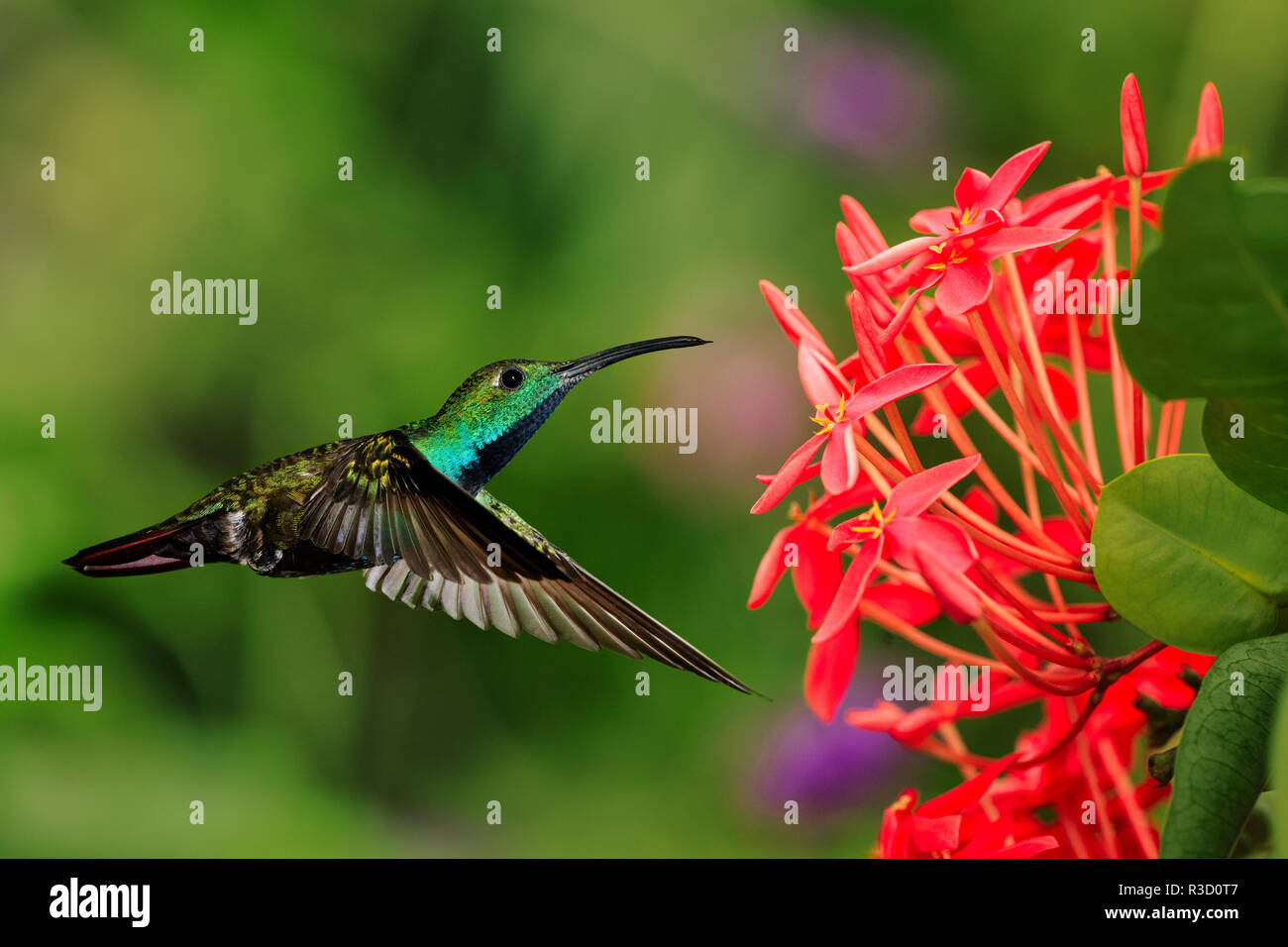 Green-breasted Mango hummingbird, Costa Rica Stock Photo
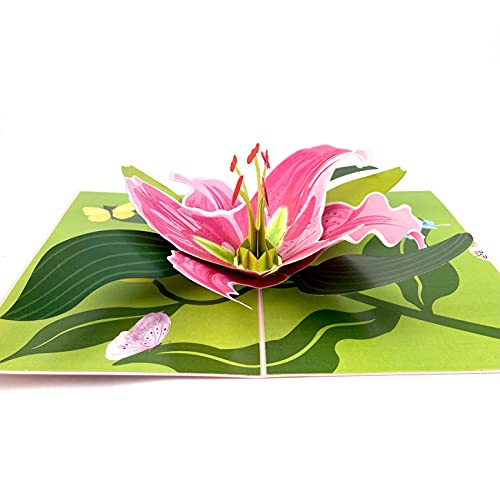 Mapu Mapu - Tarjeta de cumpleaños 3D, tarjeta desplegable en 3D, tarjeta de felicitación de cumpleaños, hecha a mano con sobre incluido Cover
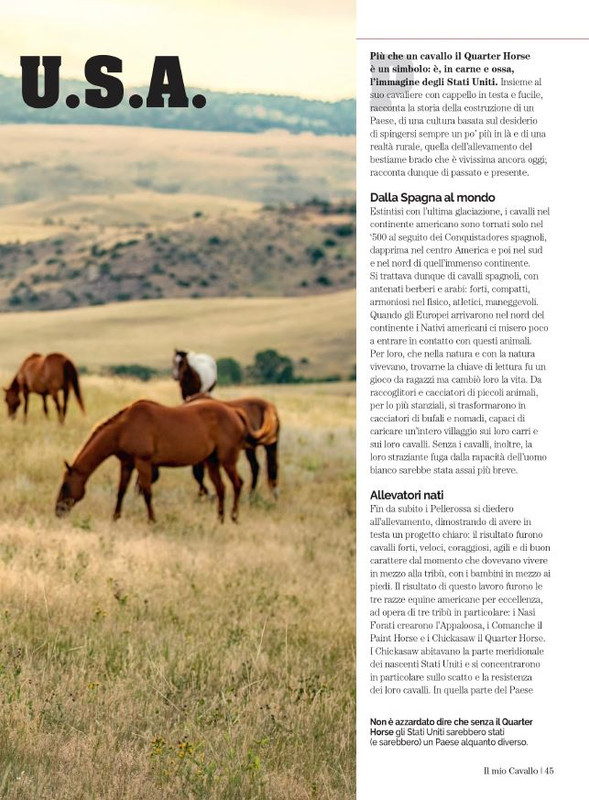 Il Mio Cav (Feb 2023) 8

◇ ◇ ◇ ◇

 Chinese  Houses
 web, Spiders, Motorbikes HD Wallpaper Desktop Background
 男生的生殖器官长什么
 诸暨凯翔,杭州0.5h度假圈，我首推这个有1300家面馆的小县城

◇ ◇ ◇ ◇

* EXERCISE AIM *
Above are some entries. Restate word for word the lines from the one holding "Green-breasted Mango hummingbird, Costa" through the one holding "Il Mio Cav (Feb 2023) 8", but not the pictures.

* ANSWER TO THIS EXERCISE *
 Green-breasted Mango hummingbird, Costa Rica Stock Photo
 Mapu Mapu - Tarjeta de cumpleaños 3D, tarjeta desplegable en 3D, tarjeta de felicitación de cumpleaños, hecha a mano con sobre incluido Cover
 Il Mio Cav (Feb 2023) 8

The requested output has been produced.